• [PROBLEM STATEMENT]: Print the data below exactly, but only the lines from the one containing "A sports facility" down to the one containing "C-band and L-band", inclusive.

*** TASK MATERIAL ***

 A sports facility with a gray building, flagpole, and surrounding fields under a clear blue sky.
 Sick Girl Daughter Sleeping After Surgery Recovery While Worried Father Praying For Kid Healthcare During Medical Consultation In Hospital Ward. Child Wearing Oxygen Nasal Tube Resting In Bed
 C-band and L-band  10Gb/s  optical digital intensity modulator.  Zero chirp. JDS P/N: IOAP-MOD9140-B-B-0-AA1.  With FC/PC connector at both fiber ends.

*** End of TASK MATERIAL ***
*** TASK MATERIAL ***

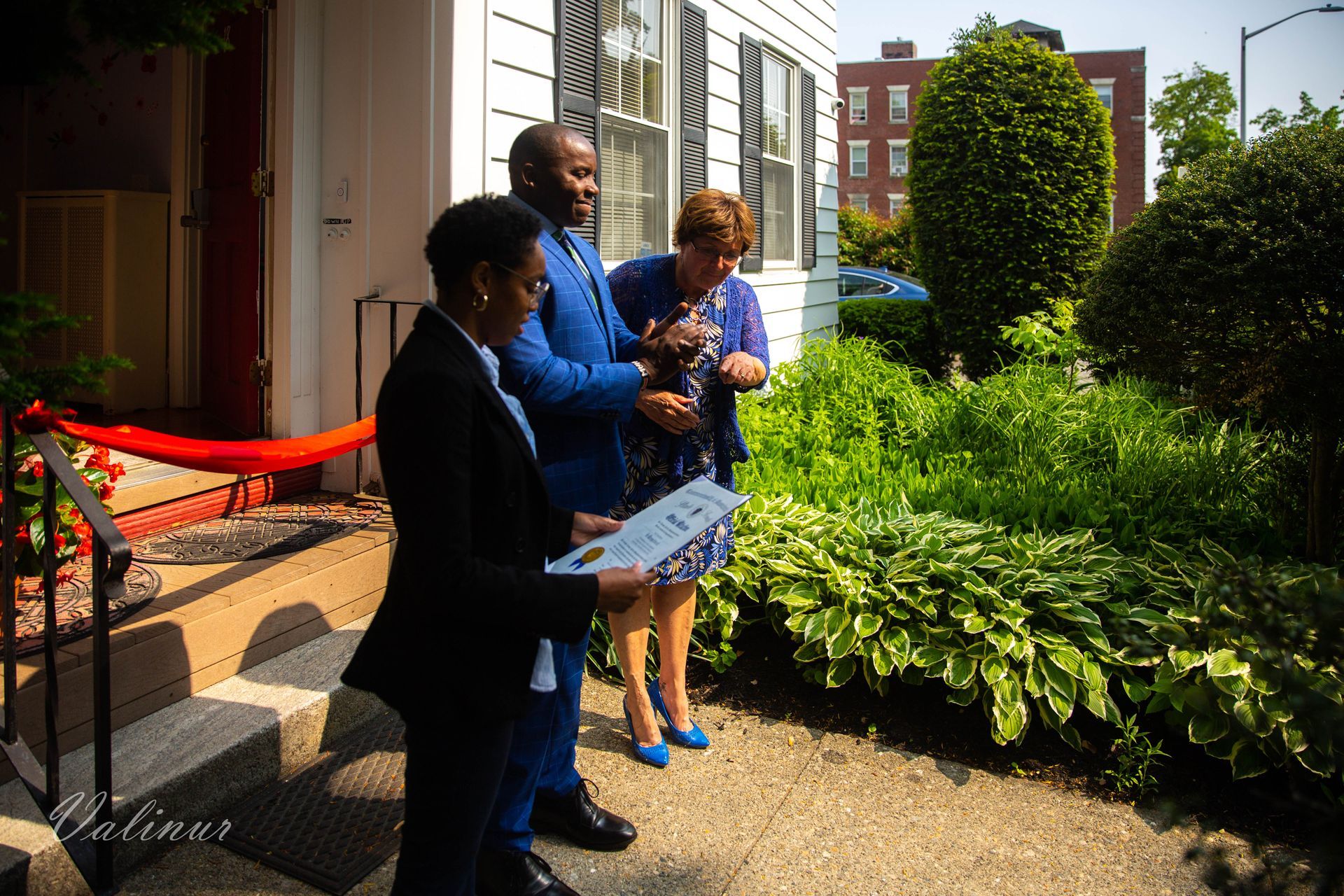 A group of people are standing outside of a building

*** End of TASK MATERIAL ***
*** TASK MATERIAL ***

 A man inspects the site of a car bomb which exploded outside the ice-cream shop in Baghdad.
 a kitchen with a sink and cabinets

*** End of TASK MATERIAL ***

• [RESPONSE FOR THIS EXERCISE]:
 A sports facility with a gray building, flagpole, and surrounding fields under a clear blue sky.
 Sick Girl Daughter Sleeping After Surgery Recovery While Worried Father Praying For Kid Healthcare During Medical Consultation In Hospital Ward. Child Wearing Oxygen Nasal Tube Resting In Bed
 C-band and L-band  10Gb/s  optical digital intensity modulator.  Zero chirp. JDS P/N: IOAP-MOD9140-B-B-0-AA1.  With FC/PC connector at both fiber ends.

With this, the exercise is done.